Alessio Donnarumma

Personal information
- Date of birth: 16 February 1998 (age 27)
- Place of birth: Vico Equense, Italy
- Height: 1.82 m (6 ft 0 in)
- Position: Midfielder

Youth career
- 0000–2012: Benevento
- 2012–2016: Inter
- 2016–2018: Benevento

Senior career*
- Years: Team / Apps / (Gls)
- 2016–2020: Benevento / 0 / (0)
- 2018–2019: → Vibonese (loan) / 8 / (0)
- 2019–2020: → Picerno (loan) / 3 / (0)
- 2020–2022: Nocerina / 55 / (1)
- 2022–2023: Legnano / 35 / (1)
- 2023: FAVL Cimini
- 2023–2024: Gallipoli / 21 / (0)
- 2024–2025: Costa d’Amalfi FC / 13 / (1)
- 2025: Angri / 13 / (0)

International career
- 2014: Italy U16 / 4 / (0)

= Alessio Donnarumma =

Italian football player (born 1998)

Alessio Donnarumma (born 16 February 1998) is an Italian footballer who plays as a midfielder.

==Club career==
He started his youth career with Benevento, before switching to Inter in 2012. In 2016 he returned to Benevento.

He made sporadic bench appearances for Benevento's senior squad in 2016–17 Serie B and 2017–18 Serie A, but did not see any field time.
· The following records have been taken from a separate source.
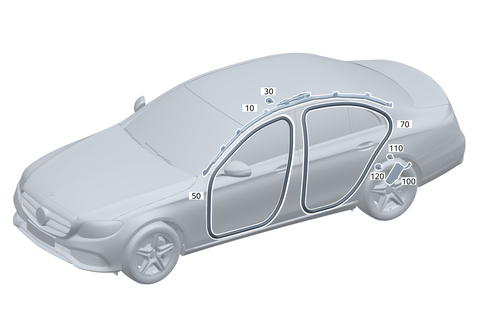 Head Side Air Bag, Door Edge Guard for 1991 Mercedes-Benz 350SD #0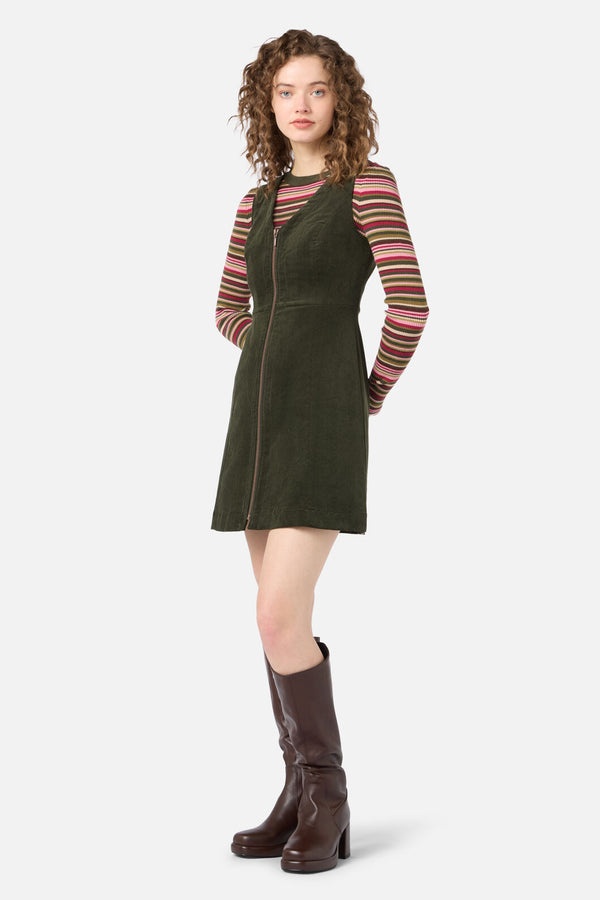 Princess Highway - Honey Cord Pinafore - forest-green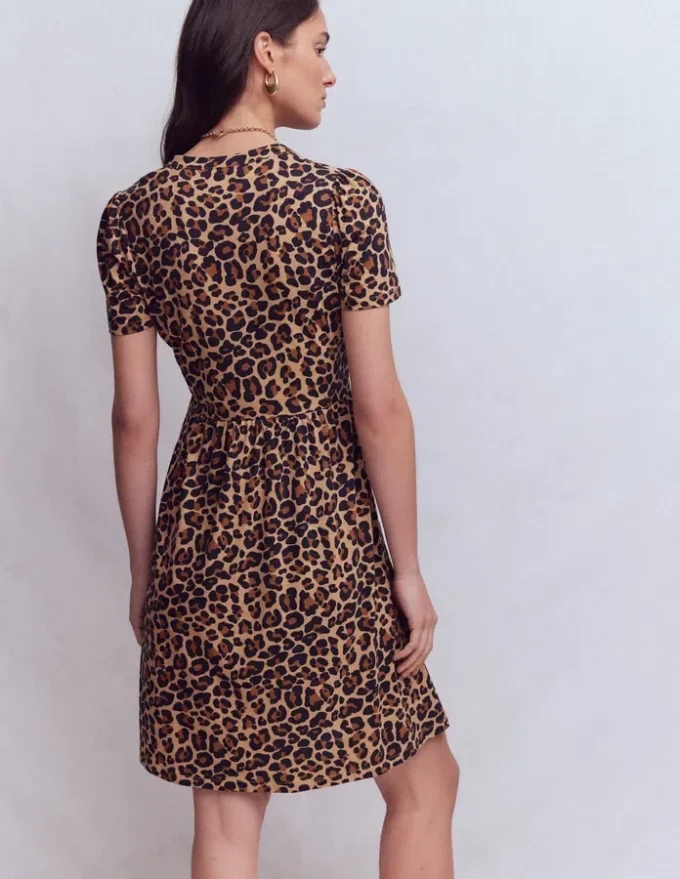 Naomi Short Jersey Dress Camel, Cheetah Pop Naomi Short Jersey Dress Camel, Cheetah Pop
On 9 July 2018 he joined Serie C club Vibonese on a season-long loan. He made his Serie C debut for Vibonese on 16 September 2018 in a game against Bisceglie as a starter and was substituted at half-time.

On 15 July 2019, he joined Picerno in Serie C on loan.

==International career==
In 2014, during his time with Inter, he was called up for several friendlies to the Italy national under-16 football team.